This delicately flaked effigy of a serpent was made from slightly
translucent black obsidian that has a slight greenish tinge on the edge.
This same variety of obsidian is found in Mexico and was used by the
Aztec culture in the Tehuacan Valley. These people were using a core and
blade manufacturing technique to produce large numbers of long narrow
blades with extremely sharp cutting edges. This snake effigy and other
similar examples were most probably made from these blades.

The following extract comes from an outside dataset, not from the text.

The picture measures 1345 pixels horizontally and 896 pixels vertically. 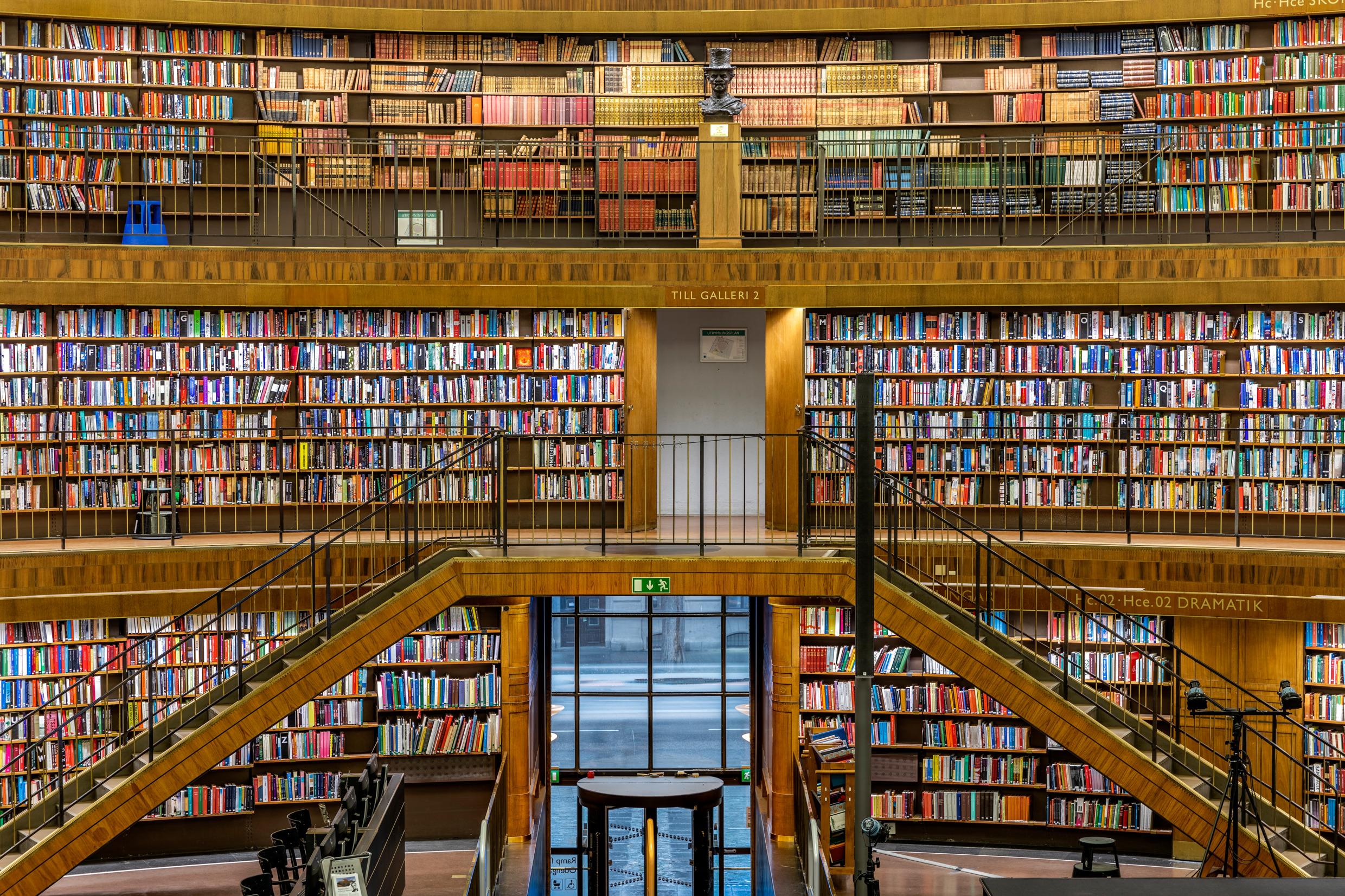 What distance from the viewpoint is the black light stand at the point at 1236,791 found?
538 centimetres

During the Late Stone Age a few societies in various locations around the world were able to expand and become culturally stable long enough to allow specialized craftsman to work and become the best at what they did, in this case flintknapping. They were probably able to pass their flint smithing skills down from father to son or to apprentices for, in some cases, several generations. Predynastic Egypt in North Africa, the Hopewell people in the Illinois River Valley and farther east, Mississippian cultures in the eastern U.S., the Mayan people of Belize & Guatemala and the Aztec in Mexico are examples of Stone Age cultures that reached a golden age of flintknapping. They not only produced flaked stone artifacts that were used in a utilitarian way but also made items for ceremonial purposes that have yet to be duplicated to this day. The Aztec culture is high on the list of Stone Age societies that produced some of the most skillfully made flaked stone artifacts in the history of the world.
This obsidian snake effigy measures 8 1/2 inches long. It's laying on a very large Aztec blade (biface) in this picture.